DATA EXTRACT:
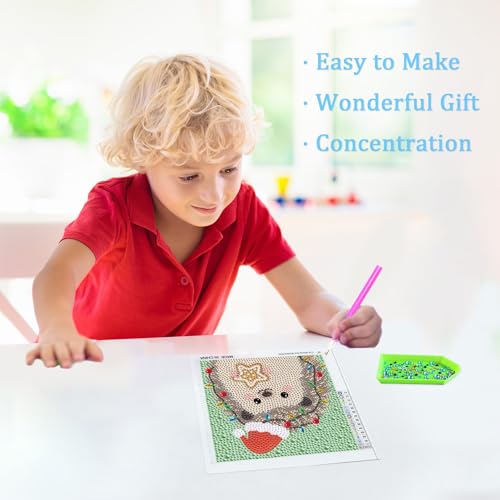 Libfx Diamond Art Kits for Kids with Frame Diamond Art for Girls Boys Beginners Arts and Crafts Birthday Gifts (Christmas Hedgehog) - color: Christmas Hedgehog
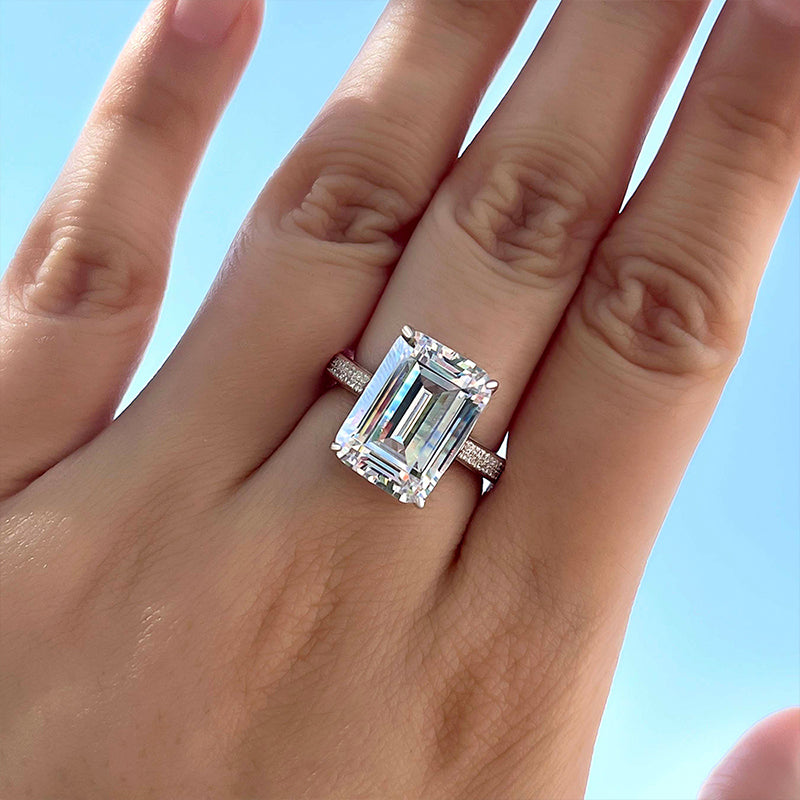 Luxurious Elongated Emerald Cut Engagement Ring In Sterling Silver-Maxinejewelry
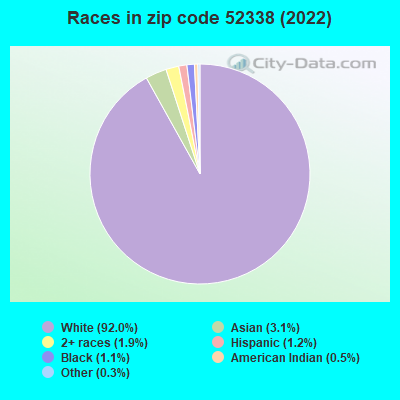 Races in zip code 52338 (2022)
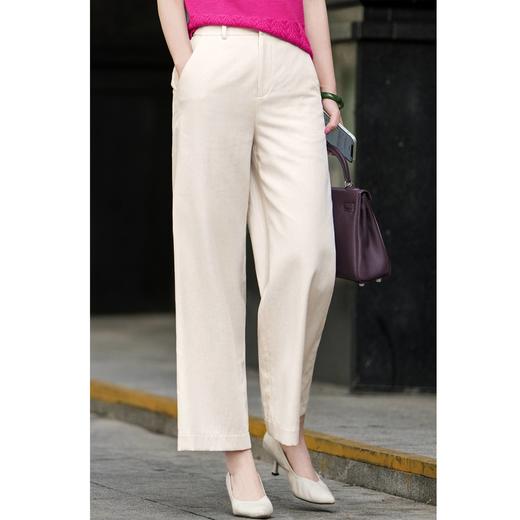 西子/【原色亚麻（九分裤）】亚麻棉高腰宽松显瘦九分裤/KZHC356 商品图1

WORK INSTRUCTIONS: Give the data again word for word, without images.

ANSWER FOR THIS EXERCISE:
 Libfx Diamond Art Kits for Kids with Frame Diamond Art for Girls Boys Beginners Arts and Crafts Birthday Gifts (Christmas Hedgehog) - color: Christmas Hedgehog
 Luxurious Elongated Emerald Cut Engagement Ring In Sterling Silver-Maxinejewelry
 Races in zip code 52338 (2022)
 西子/【原色亚麻（九分裤）】亚麻棉高腰宽松显瘦九分裤/KZHC356 商品图1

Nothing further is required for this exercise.